Sending STDs/Invites to people you are almost SURE won't come

posted 3 years ago in Etiquette
Post # 3
Member
917 posts
Busy bee
  • Wedding: February 2014

We’re having ours in the DC area, despite our families being from hours (and a continent) away. We sent save the dates, even to his 90+ year old great aunts in Peru, as a gesture of goodwill. I guarantee the tias won’t be coming, but they were thrilled to get the save the dates in the mail.

Have your mother/aunts/cousins explain to the more extended ones that you don’t want to pressure anyone, but that you don’t want them to feel left out of the wedding celebration, even if they can’t be there in person. That’s our angle.

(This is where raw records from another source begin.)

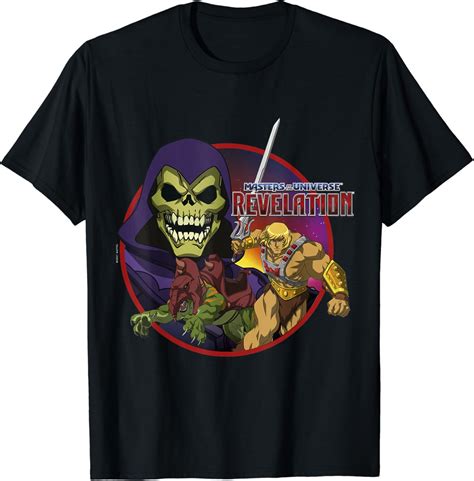 Masters of the Universe T-Shirt: Unleash the Power Within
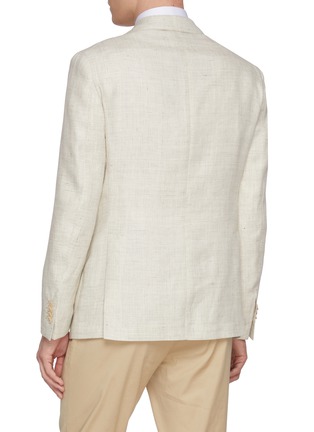 背面 - 点击放大 - EQUIL - Single Breasted Linen Wool Blazer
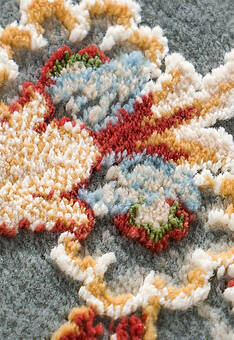 фрагмент ковра Salman FS4093-F8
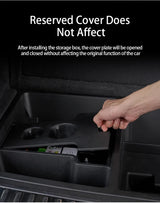 For Li LiXiang L7 L8 L9 2022 2023 Car Trunk Storage Box for Lixiang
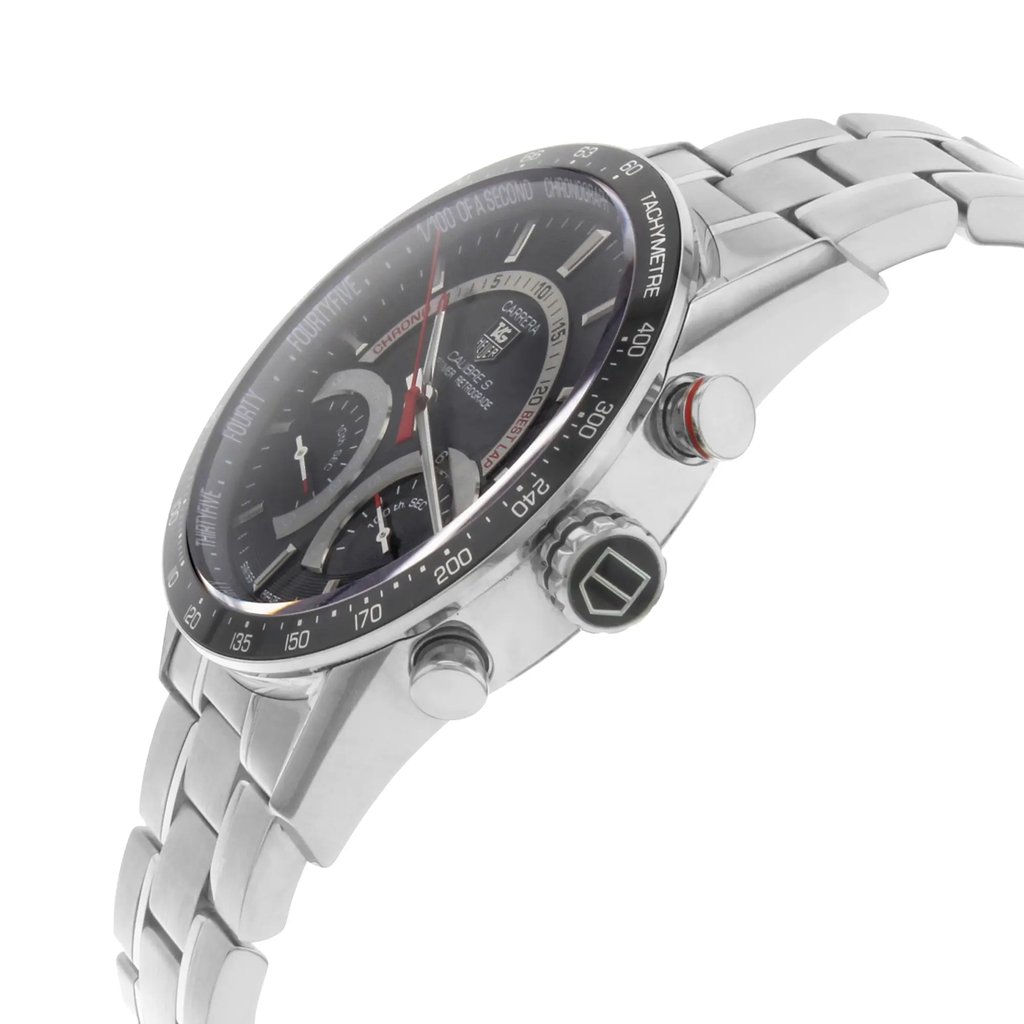 3rd image of TAG Heuer CV7A10.BA0795 Wristwatch, DisplayModel condition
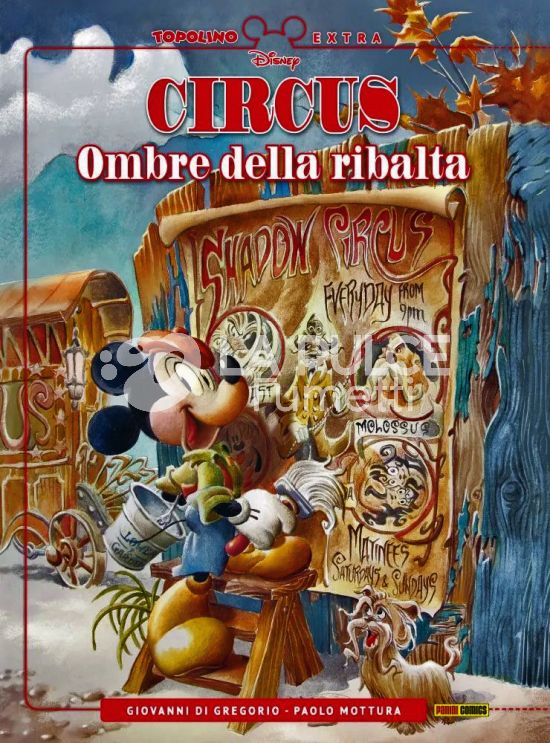 TOPOLINO EXTRA #    22 - CIRCUS - OMBRE DELLA RIBALTA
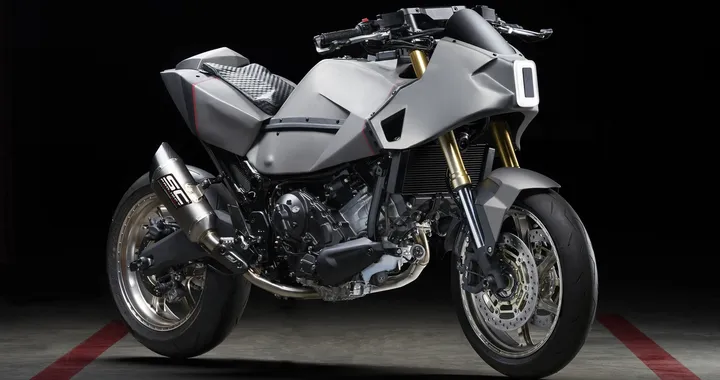 Officine GP Design X-Mutant C5: la moto mutante protagonista a EICMA 2018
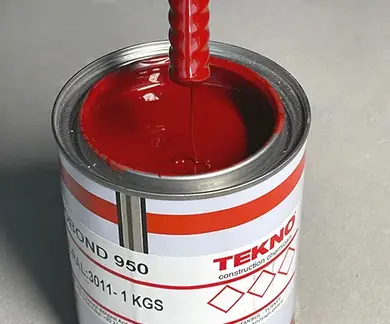 Фарба для дорожньої розмітки TEKNO Teknobond 960 25 кг, Червона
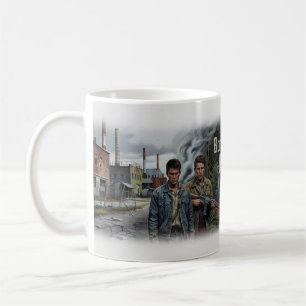 Tasse de café pour le voyage du vétéran né aux Éta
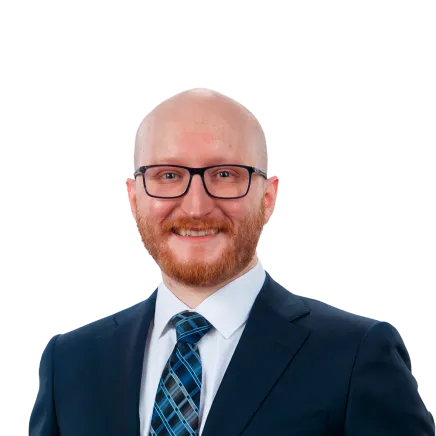 Headshot of ATTORNEY Joshua Levy, a Philadelphia-based personal injury lawyer from Morgan & Morgan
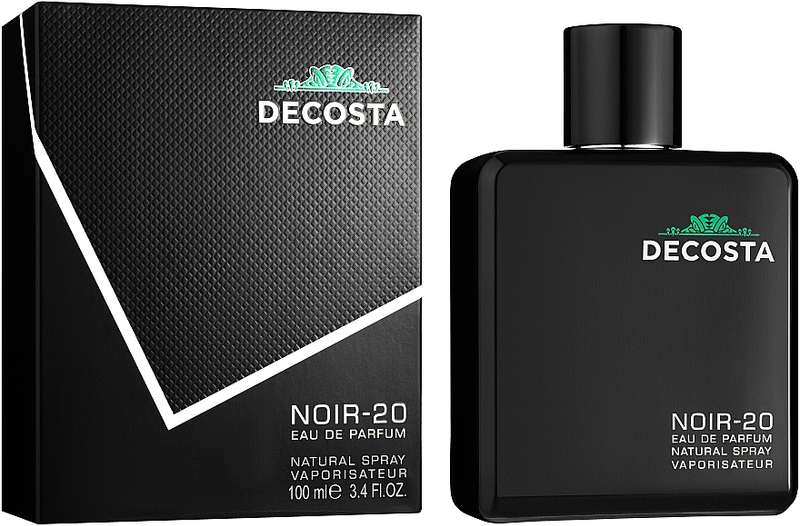 Fragrance World Decosta Noir-20 100 ml Eau De Parfum Fresh scent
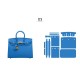 Professional material kit, France Epsom Hermes Birkin Sellier 25, 30, Free shipping worldwide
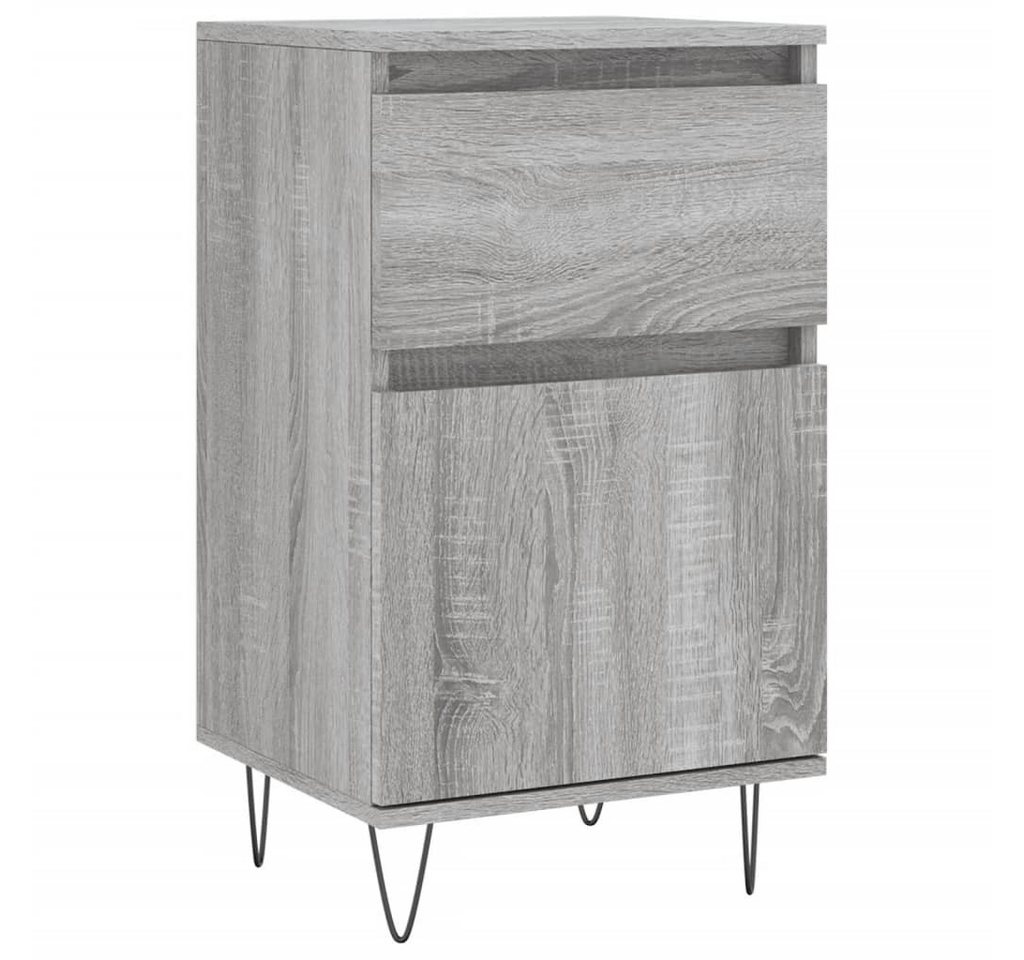 vidaXL Sideboard Sideboard Grau Sonoma 40x35x70 cm Holzwerkstoff (1 St) von vidaXL
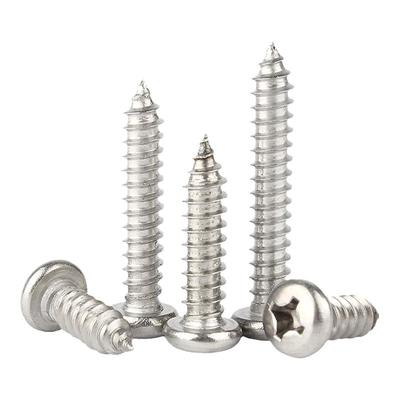 固万基不锈钢圆形自攻螺钉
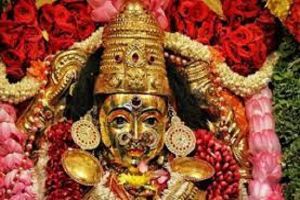 देवी शारदा की प्रतिमा जम्मू पहुंची, नियंत्रण रेखा के समीप मंदिर में की जाएगी स्थापित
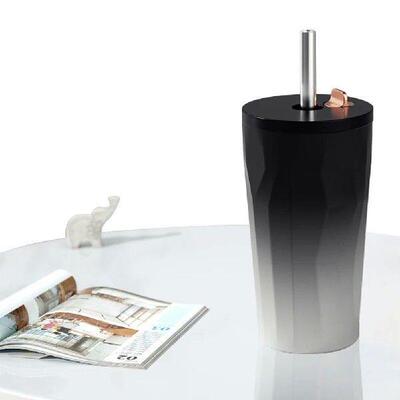 600ml Vacuum Insulated Iced Coffee Cup Stainless Steel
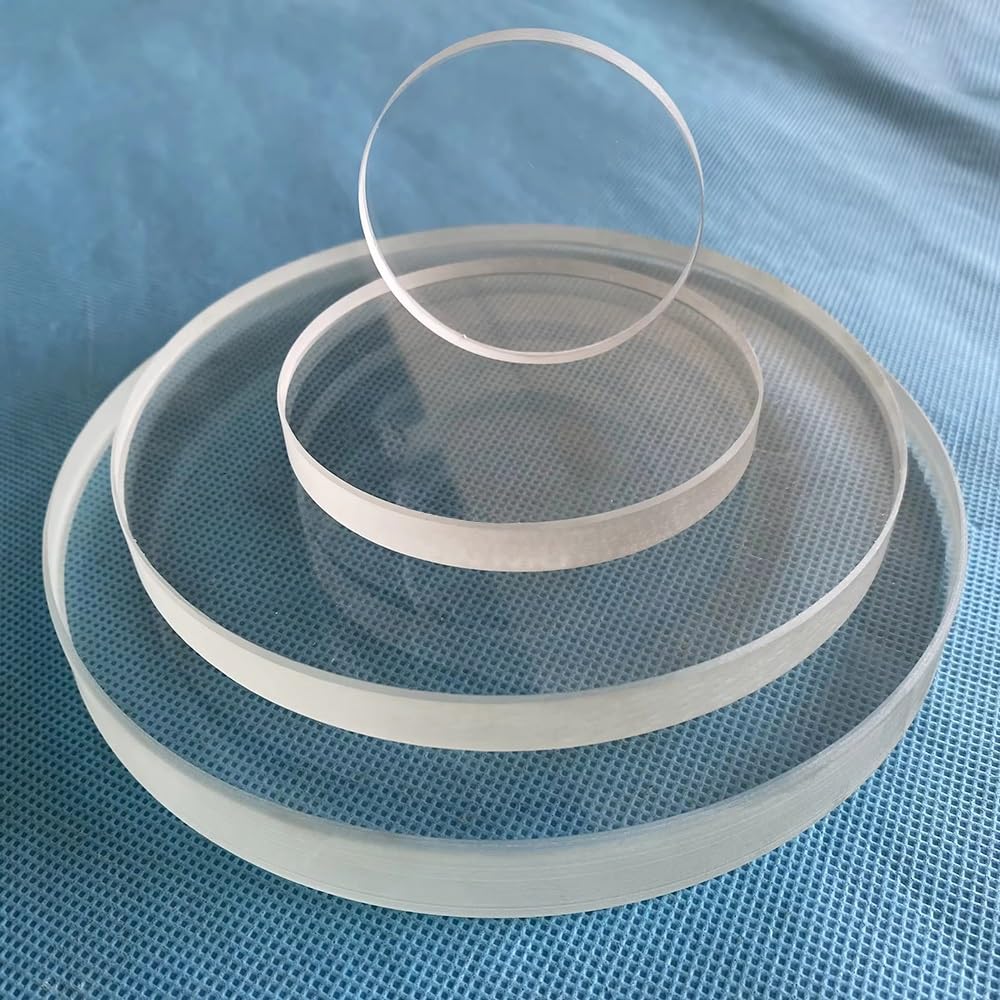Tarcza Wziernika Borokrzemianowego O Grubości 20 Mm, Odporna Na Temperaturę 500 ℃, Średnica 110-150 Mm, Okienko Zbiornika Przemysłowego, 1 Szt.(Diameter 150mm)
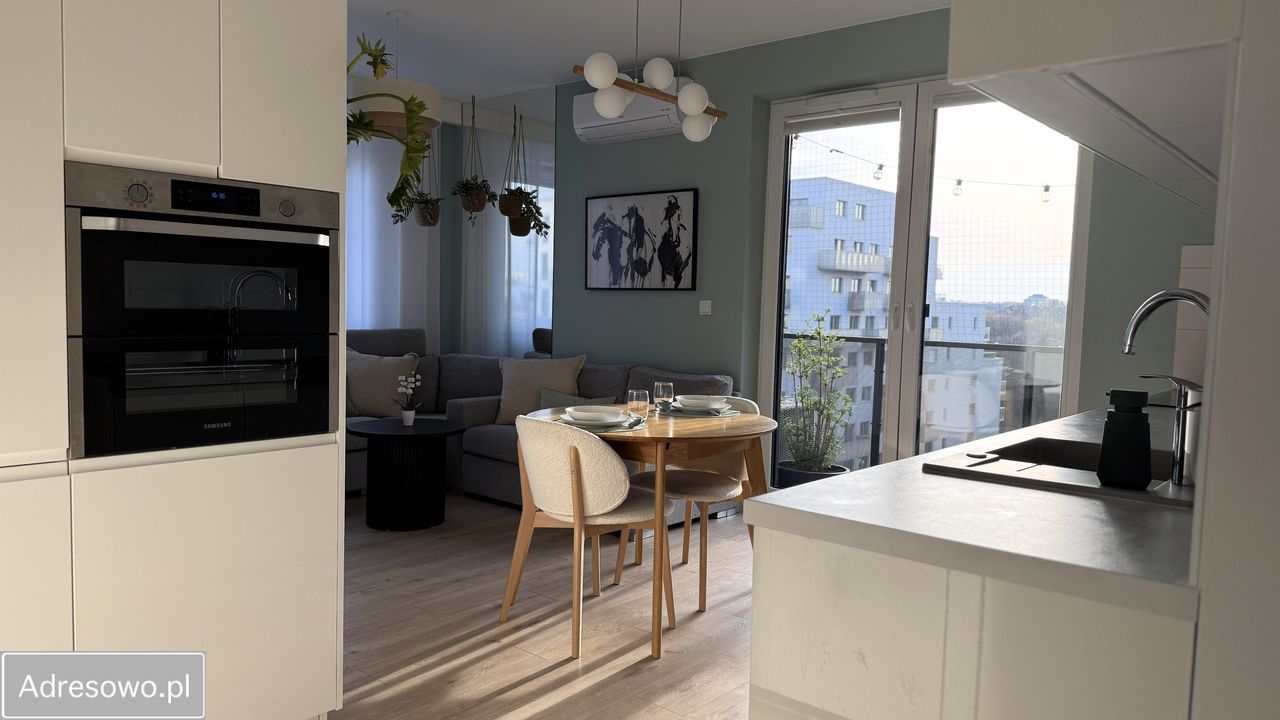 Mieszkanie 3-pokojowe Wrocław Popowice, ul. Białowieska. Zdjęcie 3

Good luck!

Post # 5
Member
1631 posts
Bumble bee
  • Wedding: August 2013

@mousepeach:  Send them 🙂 If anyone brings up let them know you understand – but at least help them to feel as included as possible until then.

It might be a regional thing – but our family has sent invites to the showers and Bach parties to people we know won’t be able to make but we would know would show up if they lived closer.

Post # 6
Member
1793 posts
Buzzing bee

Send them and let your guests make their decisions accordingly.  You may be pleasantly surprised at those who decide to attend.

Post # 7
Member
7654 posts
Bumble Beekeeper
  • Wedding: July 2012

Send them to everyone you want to invite, even if they may not make it. We sent ours to family on the east coast even though we figured they couldn’t make it. We were actually surprised at who actually did come, and I think you will be too. They will not feel pressured to come if they can’t.

Post # 8
Member
6279 posts
Bee Keeper
  • Wedding: October 2013

@mousepeach:  STD’s aren’t required.  if you don’t want to send one, you don’t have to.

but send an invitation to anyone who you would like at your wedding.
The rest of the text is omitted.